We have undertaken an internal initiative to generate a mix of cost savings and additional revenue opportunities of at least $10.0 million. We expect to achieve this objective through a combination of reducing our operating costs, adjusting capacity in our pro-rate operations to match the demand environment, and increasing ancillary third-party business such as ground handling. We estimate that we achieved approximately $2.6 million of cost savings from this initiative during the second quarter of 2009. There can be no assurance that we will attain our target of at least $10.0 million in improvements for the full year 2009. We believe it is critical to reduce our costs not only to increase our current profitability and improve our liquidity, but to also remain competitive long term in the regional airline industry.


Item 2. Management's Discussion and Analysis of Financial Condition and Results of Operations

Pinnacle has been involved in negotiations with the Air Line Pilots Association ("ALPA") since April 2005, when the collective bargaining agreement between the two parties became amendable. On August 4, 2009, Pinnacle and ALPA reached a tentative agreement to amend the collective bargaining agreement. The terms of the tentative agreement must be ratified by Pinnacle's pilots before it becomes final. If ratified, the tentative agreement will increase compensation for Pinnacle's pilots to the industry average, which is consistent with our company-wide philosophy of industry-average pay and benefits. In addition, the tentative agreement calls for a one-time signing bonus of approximately $10 million. A portion of this signing bonus will be paid upon ratification of the final agreement, while the remainder will be paid during the second quarter of 2010. If ratified, the agreement would become amendable five years from the date the final agreement is executed. We expect this tentative agreement to substantially increase Pinnacle's salaries, wages and benefits costs, although we believe our cost structure will generally remain competitive with the regional airline industry. In addition, Colgan's pilots recently elected representation by ALPA. We have not begun discussions or set a timeline with ALPA to commence negotiations of a collective bargaining agreement covering Colgan's pilots.
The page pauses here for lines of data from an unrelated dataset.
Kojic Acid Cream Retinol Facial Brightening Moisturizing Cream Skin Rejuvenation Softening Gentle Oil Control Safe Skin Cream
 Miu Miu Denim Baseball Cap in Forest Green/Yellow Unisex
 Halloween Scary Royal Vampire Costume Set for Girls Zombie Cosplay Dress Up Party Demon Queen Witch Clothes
During 2009 we are also positioning ourselves for additional profitable growth opportunities in 2010 and beyond. We recently agreed with Continental to expand our Continental CPA by acquiring 15 Q400 aircraft from August 2010 through April 2011. We also acquired an additional 15 Q400 options from the aircraft manufacturer, thereby increasing the total remaining number of our Q400 options to 30. These options, if exercised, provide for the delivery of 15 Q400s in 2011 and the remaining 15 in 2013. The Q400 aircraft has become a very competitive product within the regional airline industry. The purchase price of the Q400 is significantly less than that of comparably sized regional jets, and the Q400 uses up to 30% less fuel. As a result, we can offer our airline partners a large, passenger-friendly regional aircraft with a lower operating cost than that of similar regional jets.

In addition to growing Colgan with the Q400 aircraft, we are positioning ourselves to capitalize on long-term opportunities to increase the number of regional jets that we operate at Pinnacle. Capacity purchase agreements for over 400 50-seat regional jet aircraft at our competitors are set to expire between 2009 and 2015. While many of these regional jets will likely no longer operate within the networks of the major U.S. airlines, we believe some of these contracts will be renewed or offered to other regional airlines and some will be replaced with larger regional jets. We intend to actively compete to obtain profitable regional jet flying during this period of transition within the industry, and we believe our history of strong operating performance with a competitive cost structure will position us to succeed. Our capacity purchase contracts do not begin to expire until December 2017.